## Material to process
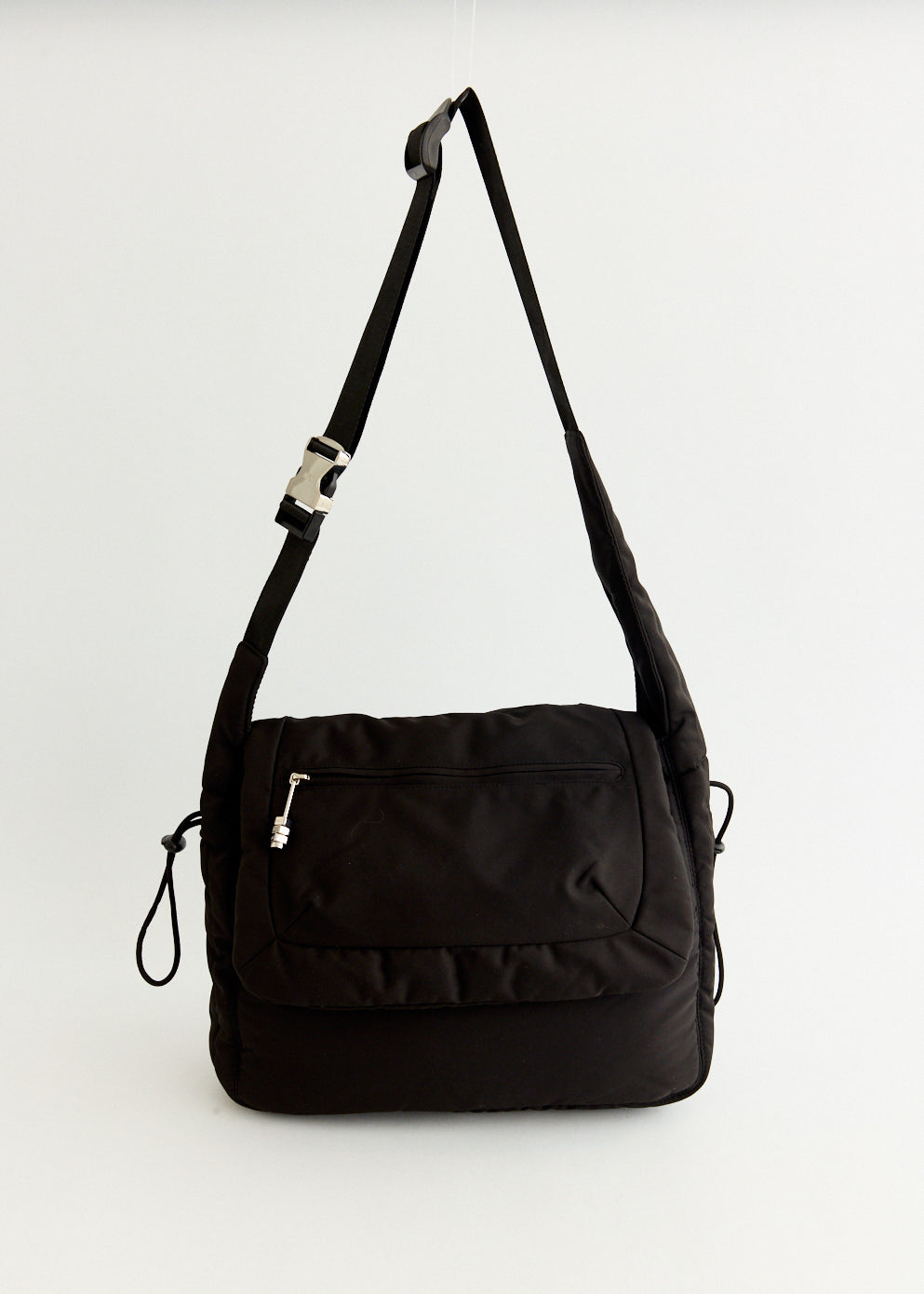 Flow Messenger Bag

==

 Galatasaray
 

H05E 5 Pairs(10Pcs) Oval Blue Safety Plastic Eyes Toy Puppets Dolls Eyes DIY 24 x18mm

## Work required
Out of the material above, output word for word the line with "Galatasaray", the line with "H05E 5 Pairs(10Pcs)", and all lines between them, with nothing else.

## The answer
 Galatasaray
 

H05E 5 Pairs(10Pcs) Oval Blue Safety Plastic Eyes Toy Puppets Dolls Eyes DIY 24 x18mm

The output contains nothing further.